When should you use supervised fine-tuning (SFT)?

Supervised fine-tuning is particularly useful when you have substantial high-quality data and want to improve model behavior beyond what prompting alone can achieve.
CriterionImpactDetails
ComplexityLowRequires data curation; few parameters
Data EfficiencyModerateRequires hundreds to thousands of high-quality examples
Optimization CeilingHighCan significantly improve model behavior beyond prompting
Optimization CostModerateMore expensive than DICL, but relatively cost effective
Inference CostLowFine-tuned models typically cost the same as the base model
Inference LatencyLowNo runtime overhead
SFT tends to work best when:
  • You have hundreds to thousands of high-quality examples.
  • Inference cost and latency are important. Unlike DICL, SFT shifts the cost to a one-time optimization workflow.
    • If inference cost matters: SFT is often more economical than DICL at scale.
  • You want to improve model behavior beyond what prompting can achieve.
    • If prompts are sufficient: consider GEPA for automated prompt engineering.

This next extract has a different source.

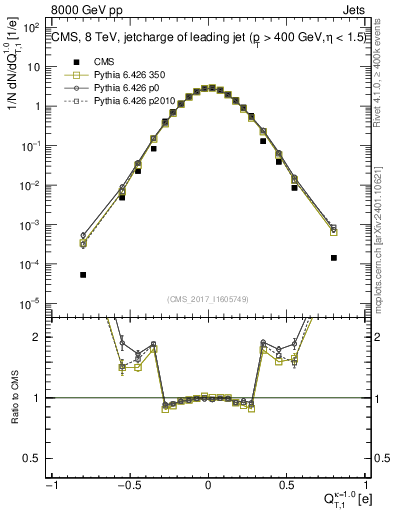 Plot of j.c.t in 8000 GeV pp collisions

Fine-tune your LLM with Supervised Fine-Tuning

You can find a complete runnable example of this guide on GitHub.
1

Configure your LLM application

Define a function with a baseline variant for your application.
tensorzero.toml
[functions.extract_entities]
type = "json"
output_schema = "functions/extract_entities/output_schema.json"

[functions.extract_entities.variants.baseline]
type = "chat_completion"
model = "openai::gpt-4o-mini"
templates.system.path = "functions/extract_entities/initial_prompt/system_template.minijinja"
json_mode = "strict"
system_template.minijinja
You are an assistant that is performing a named entity recognition task.
Your job is to extract entities from a given text.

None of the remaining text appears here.